**What you should do**:
All that is wanted is the line with "You & Me Plaid" and each line after it to the end of the data below, set down exactly and without pictures.

----- Dataset content

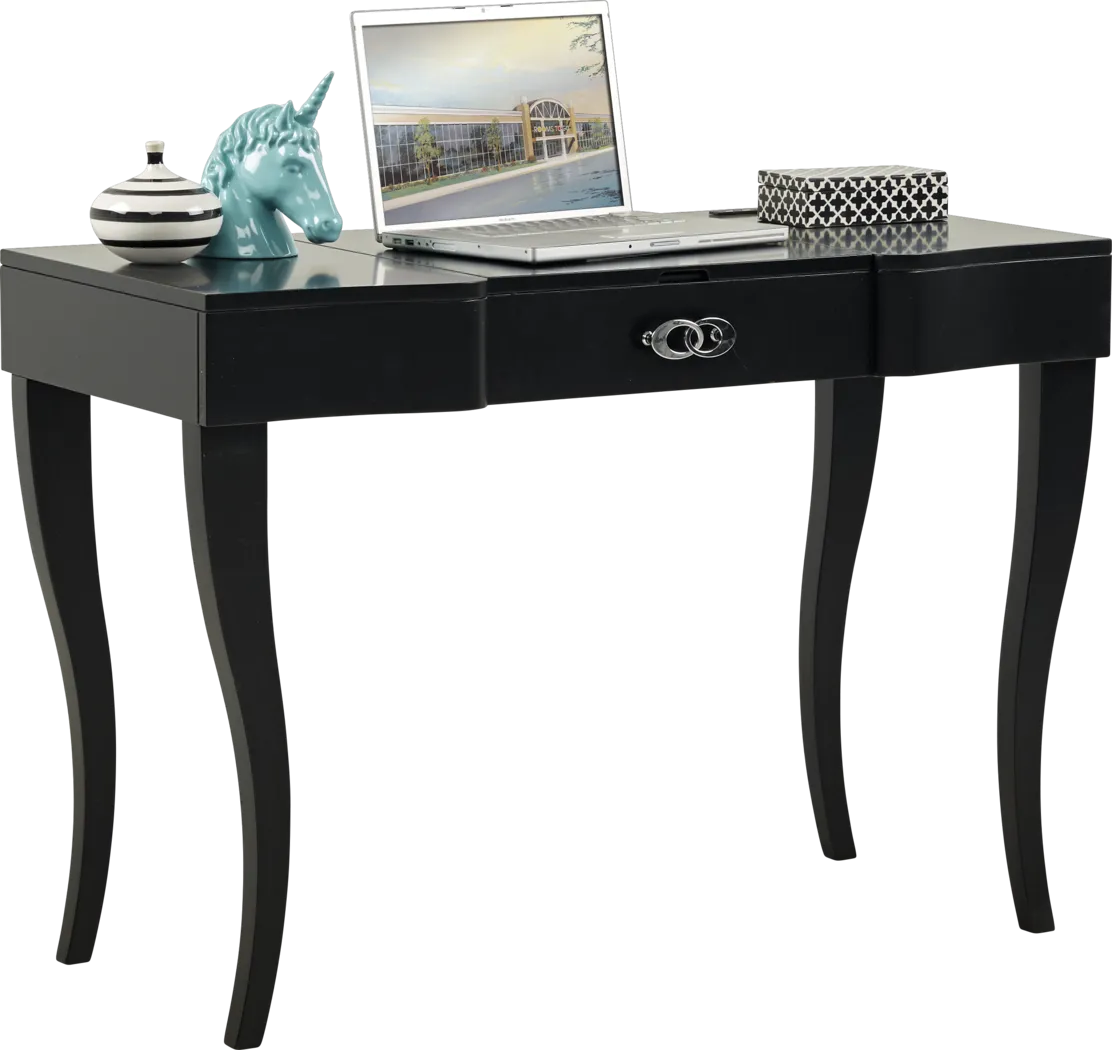 Kids Rylee Black Vanity Desk - Thumbnail - Image 1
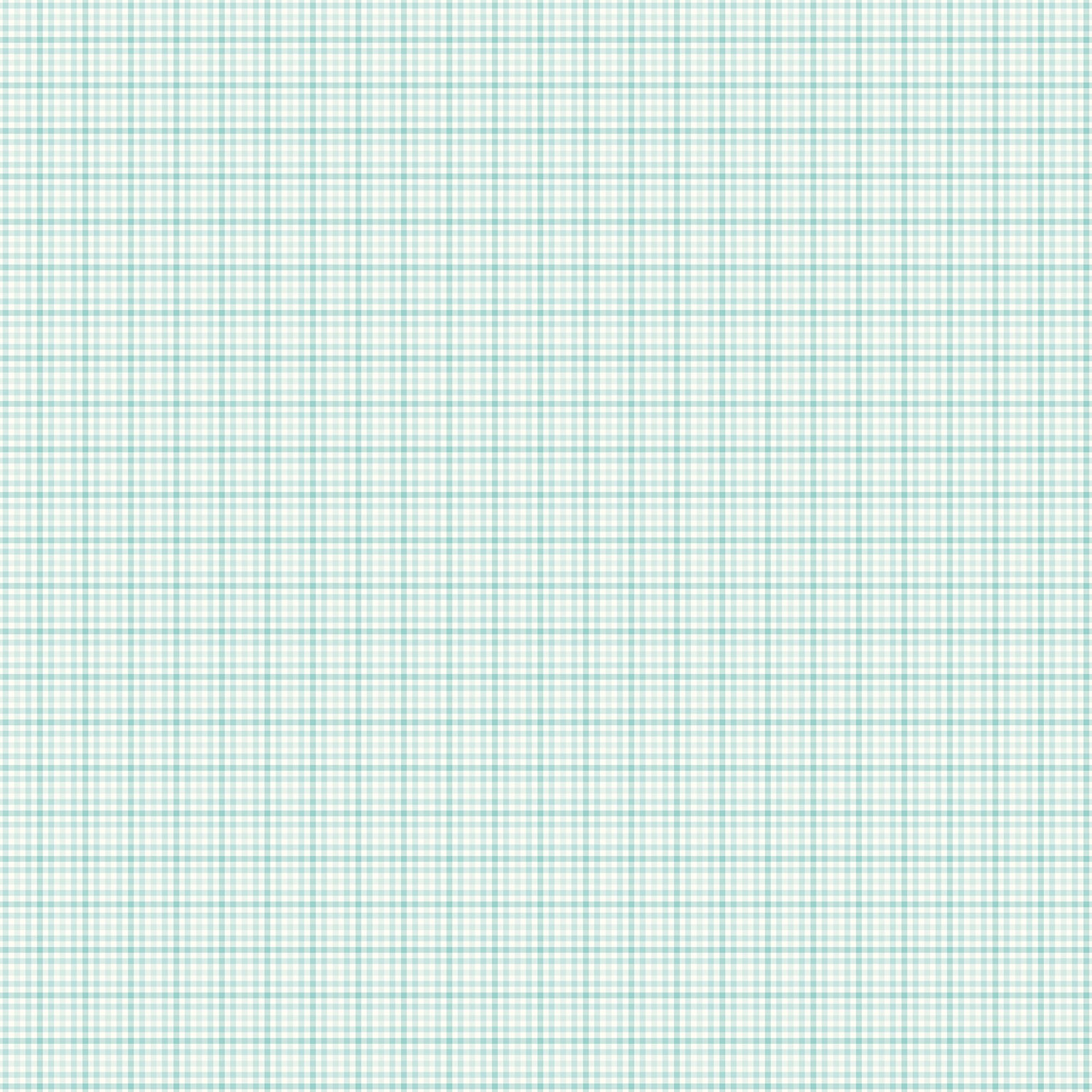 You & Me Plaid Aqua Quilting Cotton Fabric Yardage - Aqua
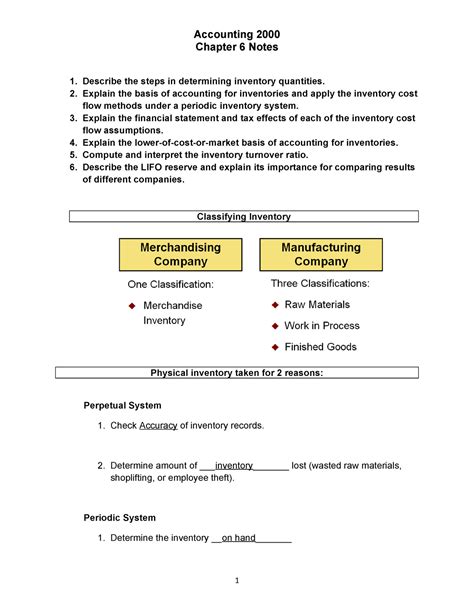 Chapter Notes Acct Lsu Chapter Notes Describe The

----------

**Exercise output**:
 You & Me Plaid Aqua Quilting Cotton Fabric Yardage - Aqua
 Chapter Notes Acct Lsu Chapter Notes Describe The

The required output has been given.